# Pics of my Instal



## johng (Nov 21, 2009)

Here are some pics of my Jotul F500. I used some stacked stone from Home Dopot http://i203.photobucket.com/albums/aa100/rgraf/IMG00009-20091112-1520.jpg http://i203.photobucket.com/albums/aa100/rgraf/IMG00018-20091121-1040.jpg


----------



## szmaine (Nov 21, 2009)

It ROCKS! How are the stones attached to the wall?


----------



## johng (Nov 21, 2009)

We used Durarock with a one inch air space and then put up metal lath. We had to use 3 1/2 inch screws with washers on the heads of the screws to hold the lath to the wall. And then you use a special cement on the back of the rocks and the rocks just stick to the metal lath.


----------



## Bubbavh (Nov 21, 2009)

Very nice!


----------



## bambam (Nov 21, 2009)

Looks very nice.  How could does it get there in N.E. Florida?  Seems to me that it would be like burning a shoulder season the entire winter.


----------



## lexybird (Nov 21, 2009)

love the rock idea ,very unique and looks great!


----------



## mikepinto65 (Nov 21, 2009)

Looks great, thats exactly what my wife and I want to do for our Oslo. We were just at The HD last night looking at stone! Im finishing my basement now but'll probably have to wait untill the spring for the Hearth because I really dont want to disable the stove during the cold. How long did it take you to complete?


----------



## fossil (Nov 21, 2009)

It's quite beautiful.  Very nice job.  I'm gonna move the thread to the Perfect Picture forum.  Rick


----------



## floridaboy (Nov 21, 2009)

Thats a nice job My Friend. Thought about doing the stone ,but went with  the tile.


----------



## raybonz (Nov 22, 2009)

Beautiful stove and stonework...

Ray


----------



## johng (Nov 22, 2009)

It only took two days to lay the stone and another half day to get the dura rock and lath ready. I took out a prefab fireplace which took a couple more days to remove it and the old chimney pipe. The stone goes up pretty fast once you get everything ready and start laying it. I have built several fires already but, I have had to leave the windows open cause we have not had any cold weather yet. Last year we already had a couple freezes by now.


----------



## savageactor7 (Nov 22, 2009)

Love that rock look...floor must be on a cement pad to support that load.


----------



## woodracerx (Nov 22, 2009)

Nice stone work what are the flat hearth stones,Mark


----------



## johng (Nov 22, 2009)

All the rock is made by GAF it is called Natural ledge stone. All of it is UL listed. The flat pieces are called Hearth stone made by GAF. They are 2in thick and 20x20. And it is also UL listed. 
Yes savage it is on a concrete slab, we build the rasied portion out of 2x6 lumber then a piece of 3/4in plywood and then a 1/2in piece of durarock. But, the rock does not wiegh near as much as you would think.


----------



## Highbeam (Nov 23, 2009)

Plus the rock's weight bears(or is it bares) on the wall and not the floor. Only an interior wall would not be supported by the foundation. I think it's great. I am jealous of the install. Did you start at the top and work your way down? Did you grout between the stones? If not, what can you see when you look between the stones. 
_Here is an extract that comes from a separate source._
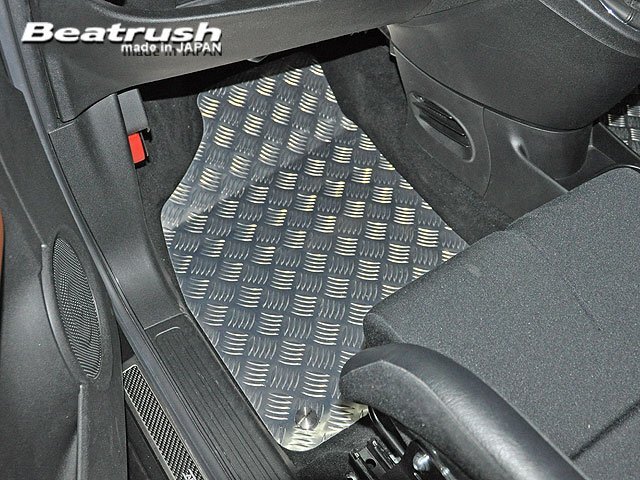 LAILE レイル フロアーパネル パッセンジャー側 アバルト595 312141 H26.3~H28.12 MT 右ハンドル車専用拍卖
I would love to do this behind my stove. Are the clearances to combustibles still measured to the original sheetrock wall or studs? I think it should be but don't know what the other folks are doing. It looks like single wall pipe. Because of the heatshield could you go less than 18"? 

Lots of questions because I would love to copy it.


----------



## johng (Nov 23, 2009)

I am not sure about the clearances. I am still with in the clearance of a protected wall. The stone does not actually rest on the floor. I had to leave an air space across most of the bottom. The weight is carried on the back of the stone that is the only place you put the mud then you stack it tight. Now I did have to get a grout bag and put some grout in the corners and a few other places. But, not as many as you might think. You can go closer than 18 with a protected wall. You can go to the GAF website and see more about the stone and how it is installed. The only thing we did different than the way they show it on the site. Is we did not use a scratch coat which is a 1in coating of concrete with little lines scratched in it. We stuck the rock straight on the lath with the cement. And they are stuck very well. The corners of my stove are 13in from the wall which is right at the limit acording to the book that came witht the stove. oh I almost for got, we started at the bottom and worked up. Stacking and trying to keep it uniform with big stones and little ones. Its like a big puzzle we would dry fit several pieces before deciding on the right one. We cut most of the rock with a gas powerd saw with an abrasive blade.


----------